Tuesday, April 21, 2009

More on the Bucket List

I wear the chain I forged in life! I made it link by link and yard by yard! I gartered it on of my own free will and by my own free will, I wore it! — Jacob Marley
Since I first posted on the Bucket List (BL) topic, I’ve discovered that some of my perfectly-healthy friends are trying to discover what might be on their list. While it is possible, I suppose, to guess some of the items (e.g., disown the children, burn the diaries), a person not playing in the End Game is merely guessing, and doing so from a healthy-person mindset.

Give it up. The BL doesn’t work that way. It isn’t something you create but is rather something you’ve spent your whole life creating, like Marley’s chain. It comes to you in its own time and in its own way as part of the process of accepting inevitable death. Items that you are sure today will be on the BL (e.g., that trip to see the pyramids) may not be on the list when it reveals itself to you.

In my case, the List tends to be limited to what it thinks I need to do next but, then, that’s the way my nearsighted mind always worked, so you might be presented all at once with a longer list.

The BL comes to the dying in response to the universal desire for peace of mind, the wellspring of all religion. If given time and ability, working on the BL will provide that peace. Of that I’m sure, because the BL consists almost entirely of that which robs us of peace of mind.

The items come to us not because we want to dispose of them but because we have avoided doing so. Few will be easy. Some won’t even be possible (e.g., too lengthy for the time left, a person involved is dead, resources are lacking). Items are resolved in one of two ways: either by doing what needs to be done or accepting that what needs to be done can never be done. Either way dismisses the item from the BL. Intuitively, a list item is better resolved directly than abandoned as impossible, but either way one can have peace of mind. Either way, the item comes off the BL.

Peace of mind can come only through acceptance. If you have a problem with forgiving yourself, it is not too soon to find a therapist to help you even if you are decades away from dying. I suspect that when the BL appears is not the best time to wrestle with the stern, unforgiving superego of your childhood.

I gave you an example in my first post on the subject, My Bucket List, of something I have had to give up: making peace with my children. Reconciliation may be something I strongly need, and which many may recognize to be important, but it is clear that my children do not want peace or are unable to risk it. So the item comes off my list. If I kept working it, refusing to accept the reality of the loss, other important items necessary to my peace of mind would not get done.

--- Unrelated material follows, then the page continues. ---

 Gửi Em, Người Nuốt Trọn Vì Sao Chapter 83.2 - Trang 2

There may also come a time when the bucket list presents "one last time" challenges, some of which are doable, some not. I, for one, in a high-dose steroid fog, wanted to relive the greatest triumph of my Halcyon days, the years when I led a talented team in solving a major problem in practical artificial intelligence for the Department of Defense. I wanted to give an unclassified kick-ass presentation to my favorite defense contractor in the hope that it would resurrect the idea from the hole in which it lies today buried. Much later, after a drug holiday cleared my head of steroids, I realized that a project so highly secret could never be briefed unofficially, and that getting official approval would be an impossible nightmare. Something only a sick, foolish old man, or a BL, would think was reasonable to do: A King Lear fantasy. Ashamed, I called it off and gave it up.

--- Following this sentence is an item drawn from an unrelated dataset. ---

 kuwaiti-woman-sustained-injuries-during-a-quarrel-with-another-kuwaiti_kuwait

Dealing with the items on the bucket list changes how one sees the world. For example, my house is filled with a lifetime’s accumulation of books. Now, when I see one, even one of my favorites, I ask myself, “Will I ever read this again”? If the answer is no, the book goes to the donation pile (except if it’s one of those I truly love, I’ll keep it to the end regardless). The BL is telling me to simplify my life, jettison the baggage, cut out the already morbid parts, in order to concentrate on the essential.

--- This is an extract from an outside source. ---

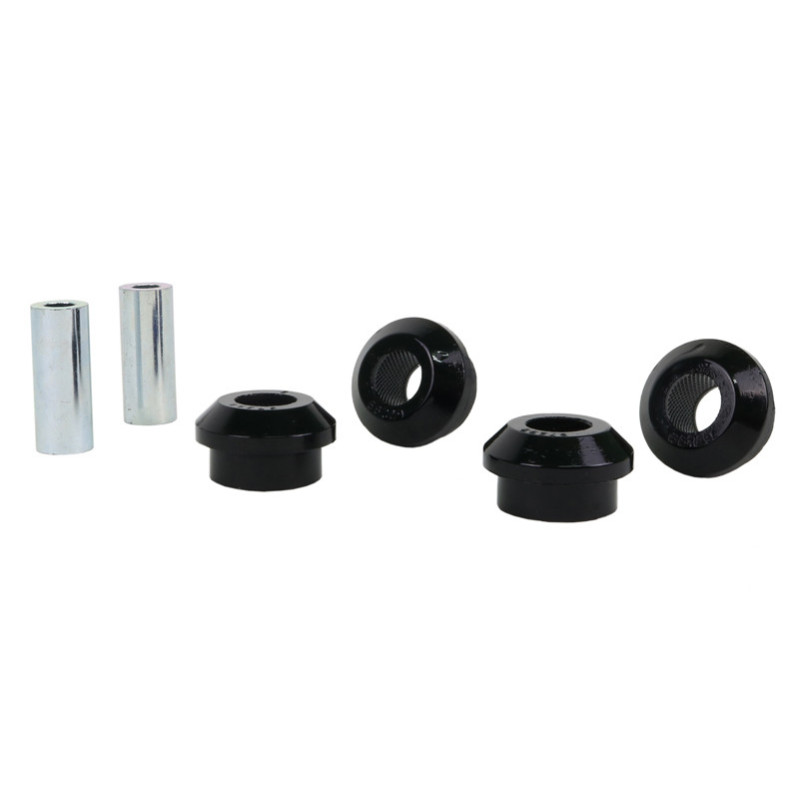 Control Arm Lower - Bushing Kit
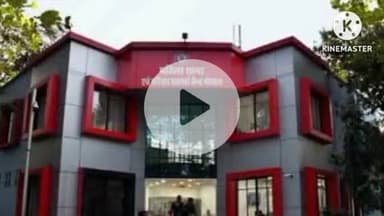 हुज़ूर: भोपाल में युवती से शादी का झांसा देकर 2 साल तक दुष्कर्म, मामला दर्ज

There is also the relief of giving up lifetime goals. Accepting the unacceptable by giving up a dream does free up psychic energy to do what still can be done. I, for example, want to finish my book but am coming close to giving it up because, without a period of remission, such as I might get from aSCT #2, I may lack the endurance to finish it. Writing is damned difficult: any writer who says otherwise is lying. Giving it up will free up my psyche, removing a source of guilt. The decision may come soon.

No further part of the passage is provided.